A la différence des méthodes de conduite d'entretien8, l'autoconfrontation ne saurait être guidée en privilégiant une activité du sujet centrée sur la seule référence au vécu, et en excluant par conséquent toute forme de digression ou de modalisation. L'exemple cité ci-dessus montre au contraire quel rôle important, pour la connaissance de l'activité au sens large, peut jouer la digression métadiscursive.

La question des modes et formes de la relance du processus dialogique ne s'y pose donc pas de la même façon. Puisqu'il ne s'agit pas d'empêcher toute dérive du discours par rapport à une "position de parole incarnée" du sujet (Vermersch), il n'existe pas en propre d'actes de relance spécifiquement appropriés, par exemple des formes de questions « ancrant » le sujet dans la réalité évoquée.

 

Construire une situation favorisant le dialogue.

Si l'on se place en effet d'un point de vue privilégiant le rapport dialogique comme moteur du processus d'élaboration et d'expression des savoirs, de l'expérience des sujets, on doit alors admettre que cette expérience participe de l'activité, car elle est présente, en tant que facteur direct ou indirect des choix effectués dans l'action. Mais rien n'autorise à considérer a priori que la part de cette expérience susceptible d'être formalisée, structurée et mise en mots, puisse être légitimement privilégiée par l'investigation, en d'autres termes qu'elle en constitue la seule part à faire émerger et à retenir. Non seulement, en effet, la part directement exprimable de l'expérience n'épuise pas tout à elle seule (il suffit de penser à tout ce qui, dans l'ordre de l'émotion et des affects, joue un rôle important sans pour autant trouver à se dire au moyen de ressources strictement linguistiques), mais encore la mise en mots constitue beaucoup moins une médiation entre le vécu et sa connaissance que certains moments d'une activité où la part du développement, du déclenchement de mouvements nouveaux transformant des relations que les protagonistes croyaient stabilisées. Or, comment préjuger des voies et des formes de ce mouvement dialogique, de la nature des thèmes trouvant à y circuler, des genres de discours choisis pour le supporter ?

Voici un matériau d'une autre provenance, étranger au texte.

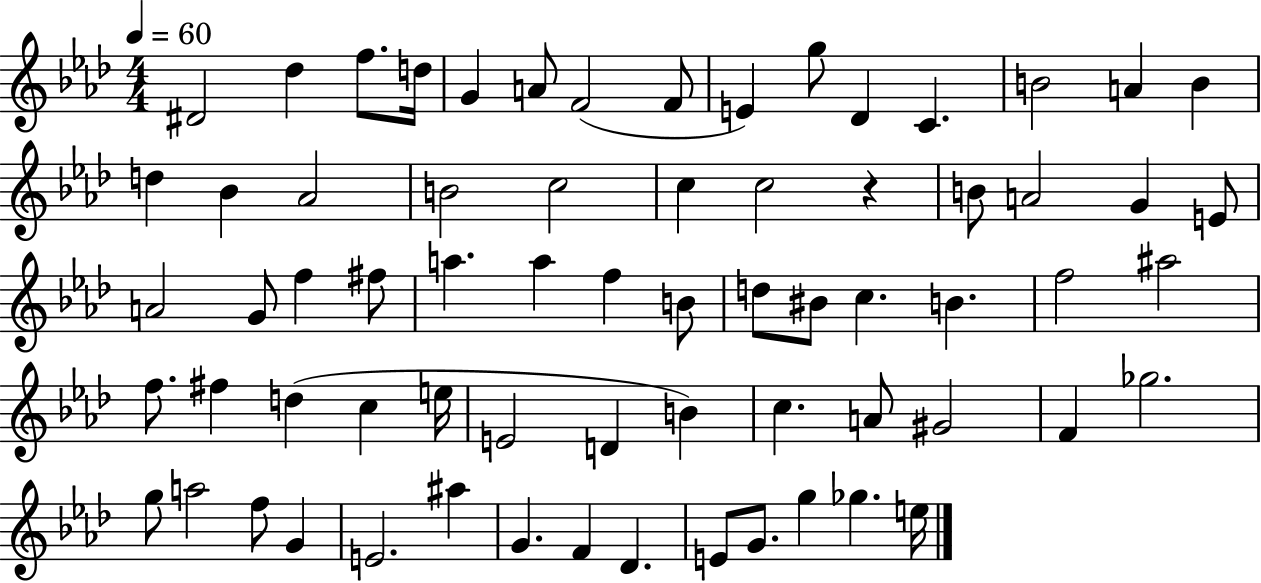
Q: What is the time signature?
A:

Dans l'exemple suivant, extrait d'une autoconfrontation croisée (la première du genre9), les chercheurs présents n'interviennent pas, et la "motricité du dialogue" joue à plein.

Autoconfrontation croisée. Les deux AdC TGV ont assisté à l'autoconfrontation n°1 de chacun. Ils ont entendu leurs commentaires respectifs, et ont constaté des différences sensibles dans leurs façons de faire. L'échange évolue sur certaines de ces différences, visibles sur les films

L'intérêt majeur de passage, analysé par ailleurs (Faïta, 2001a), réside dans le fait que le dialogue évolue à partir du thème de la vitesse pour gagner celui de la qualité du service, puis celui du soin du matériel. Cette cascade, de thème en sous-thèmes successifs, montre bien que des valeurs importantes peuvent exister en arrière-plan, dissimulées par des mots anodins. Il est évident, par ailleurs, que les mimiques jouent dans ce fragment un rôle non négligeable, notamment au niveau des enchaînements d'un interlocuteur sur l'autre. L'intervention d'un membre de l'équipe de recherche, décidé à réguler et recentrer le débat, aurait pu entraver ce développement.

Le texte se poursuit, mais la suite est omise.